Focus : chiffres récents sur le patrimoine
- 2007 : inscription du centre historique au patrimoine mondial de l’UNESCO, couvrant 1810 ha.
- 2024 : la mairie annonce 12 M€ pour restaurer 27 façades XVIIIᵉ en pierre blonde (calcaire de Frontenac).
- 8 000 : nombre d’immeubles protégés au titre des monuments remarquables, selon la DRAC Nouvelle-Aquitaine.
Pourquoi la Révolution et le XIXᵉ siècle transforment-ils l’identité bordelaise ?
La Terreur (1793-1794) frappe sévèrement la Gironde : 304 personnes, dont la députée Marie-Antoinette de Saint-Aubin, sont exécutées place Dauphine. Bordeaux, longtemps modérée, bascule brièvement dans la violence.
Au XIXᵉ siècle, l’arrivée du chemin de fer (gare Saint-Jean, 1855) propulse l’exportation des vins de Bordeaux vers la capitale. 1870 voit la ville accueillir provisoirement le gouvernement de Défense nationale face à l’avancée prussienne ; un rôle diplomatique souvent méconnu.

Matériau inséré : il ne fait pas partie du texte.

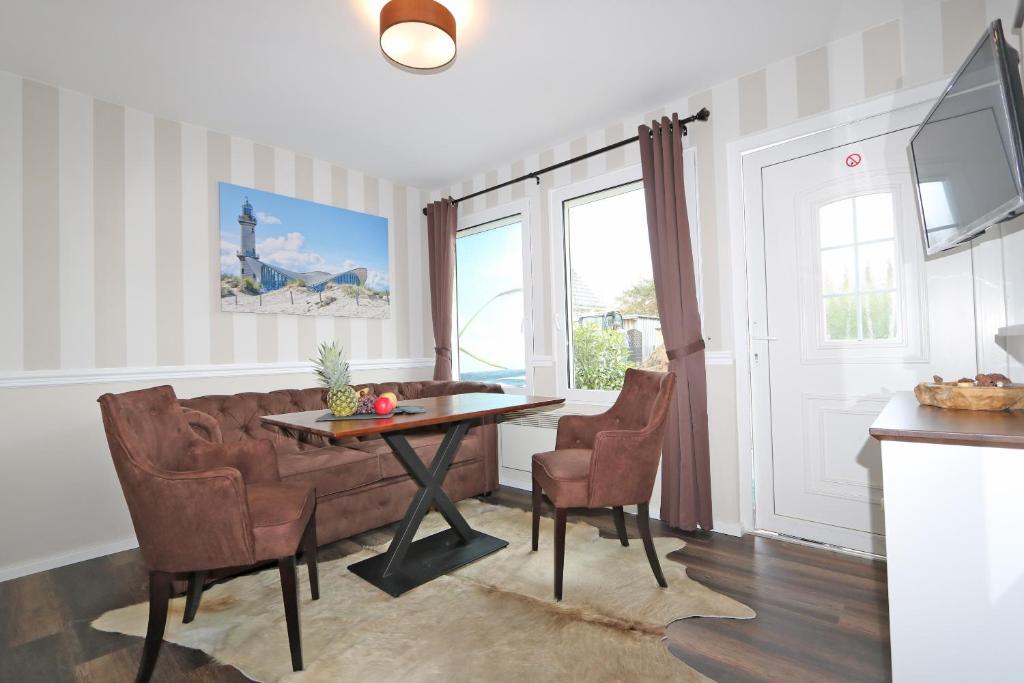 a living room with a couch and a table and chairs at Bungalow-Park Ostseenordstern in Wustrow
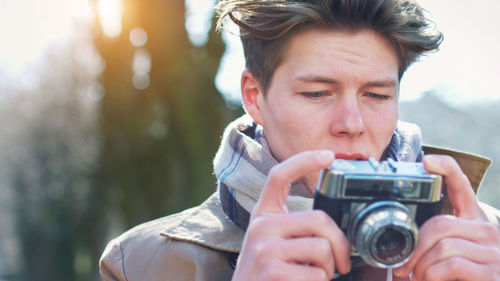 Close-up of young man holding camera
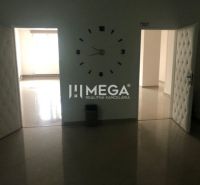 Innenraum eines Gebäudes mit auffälliger Uhr an der Wand und offenen Türen.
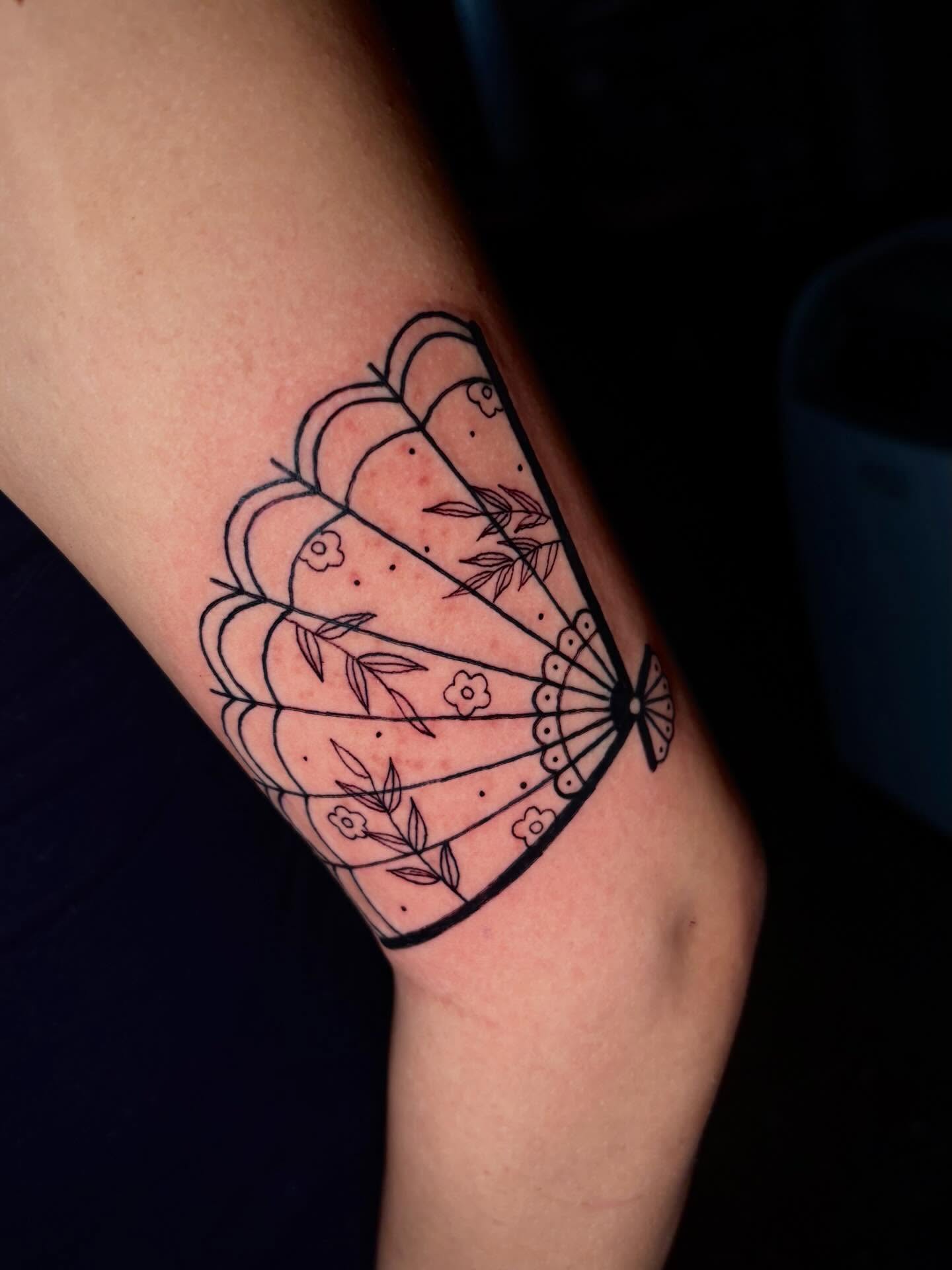 Fan fine line tattoo on the forearm by Jenna Clayton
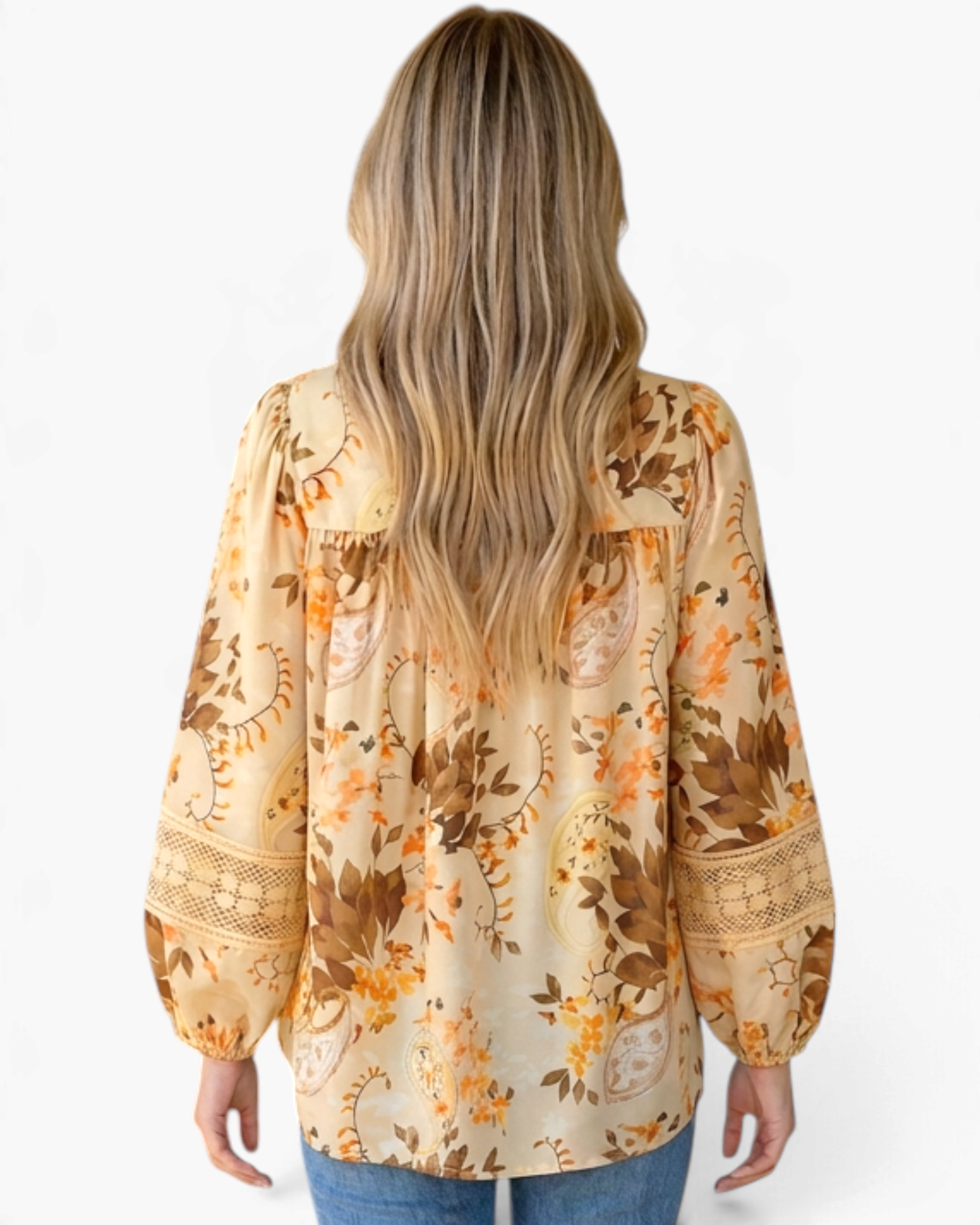 Beach Rose Co. cream blouse with floral and paisley print, long billowy sleeves, and lace inserts, back view.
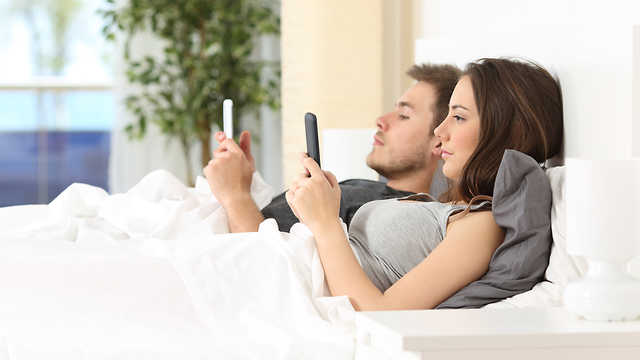 זוג שוכב במיטה ומתעסק בטלפון (צילום: shutterstock)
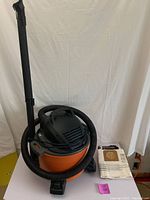 Orange and black Ridgid 6 gallon shop vacuum with hose and floor wand attached, against white backdrop.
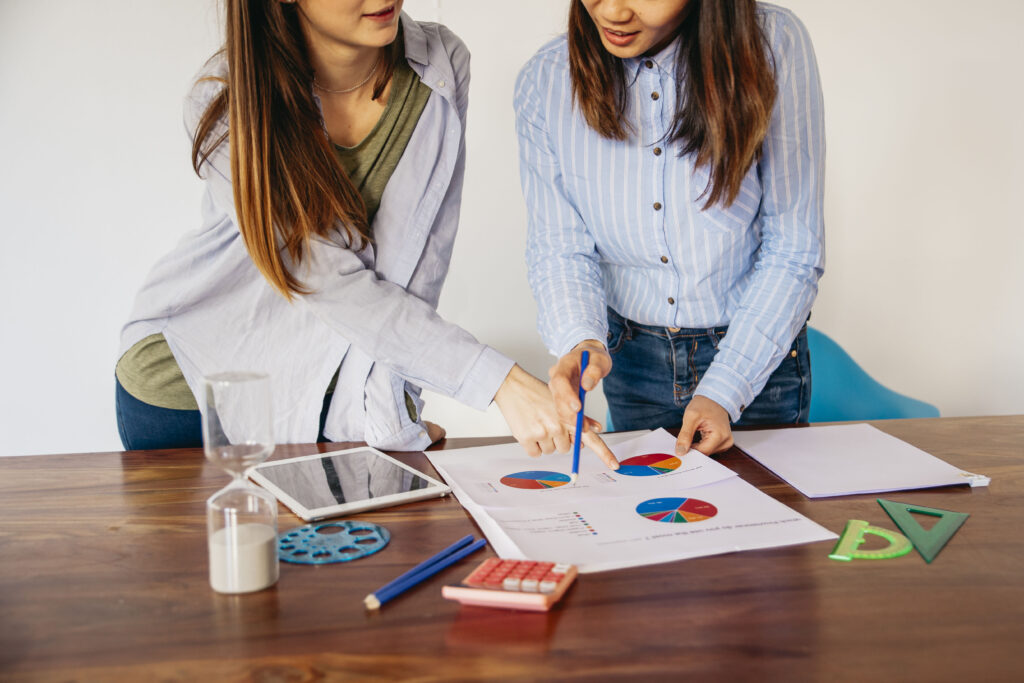 Girls analyzing various home mortgage scenarios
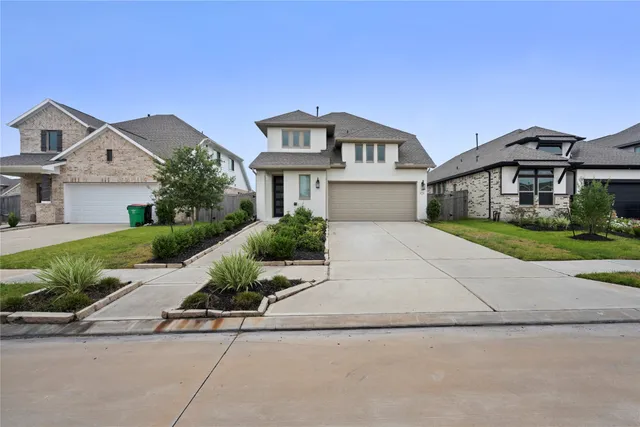 a front view of a house with a garden and plants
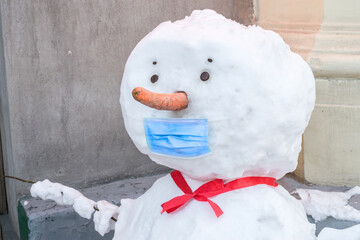 A portrait of a snowman in a medical mask. Winter concept of quarantine restrictions. The snowman...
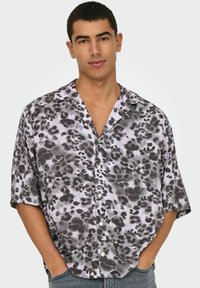 Camisa de botones de manga corta en tejido ligero, con un estampado de leopardo negro y gris sobre un fondo púrpura claro.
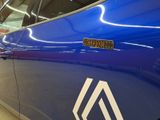 a close up of a blue car with a sticker on it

D’un côté, la révolution industrielle crée des chantiers navals ultramodernes, dont les Ateliers et Chantiers de la Gironde (3 000 ouvriers en 1889). Mais de l’autre, la pollution de la Garonne atteint des niveaux alarmants : les archives municipales font état d’eaux « noires et nauséabondes » dès 1892.
Quelles traces contemporaines de cette histoire millénaire ?
Bordeaux conjugue préservation et innovation. La piétonnisation des quais (2000-2009) illustre la volonté de réinvestir un patrimoine longtemps délaissé. Aujourd’hui, le tramway sillonne 79 km de rails, effleurant la flèche Saint-Michel et les Bassins à flot, réhabilités en pôle culturel (Cap Sciences, Cité du Vin).
En 2023, l’Observatoire du tourisme comptabilisait 6,1 millions de visiteurs, record absolu. Les circuits « Bordeaux colonial » proposés par le Musée d’Aquitaine affichent un taux de satisfaction de 92 %. Preuve qu’un récit pluriel, incluant ombres et lumières, séduit un public en quête de vérité.
À retenir
- Antiquité : Burdigala, amphithéâtre et commerce du vin.
- Moyen Âge : Aliénor, empire angevin, taxes controversées.
- XVIIIᵉ siècle : place de la Bourse, commerce triangulaire.
- Révolution : Terreur girondine, rôle politique éphémère.
- Époque industrielle : chantiers navals, essor ferroviaire, pollution.
- XXIᵉ siècle : UNESCO, tramway, tourisme mémoriel.
Regards personnels et pistes d’exploration
En arpentant, carnet à la main, les rues pavées du quartier Saint-Pierre, je mesure chaque fois l’épaisseur des siècles : la façade rocaille d’un hôtel particulier dialogue avec le graphisme contemporain d’une fresque street-art. Ce contraste nourrit mon travail de journaliste et d’urbaniste amateur. Si vous aimez croiser histoire, architecture et œnologie, gardez l’œil ouvert : l’évolution des châteaux viticoles du Médoc, la mémoire de la Résistance bordelaise ou encore la métamorphose du quartier Euratlantique méritent autant d’attention. La ville n’a pas livré tous ses secrets ; je vous invite à poursuivre cette balade savante lors de votre prochaine escale sur les rives de la Garonne.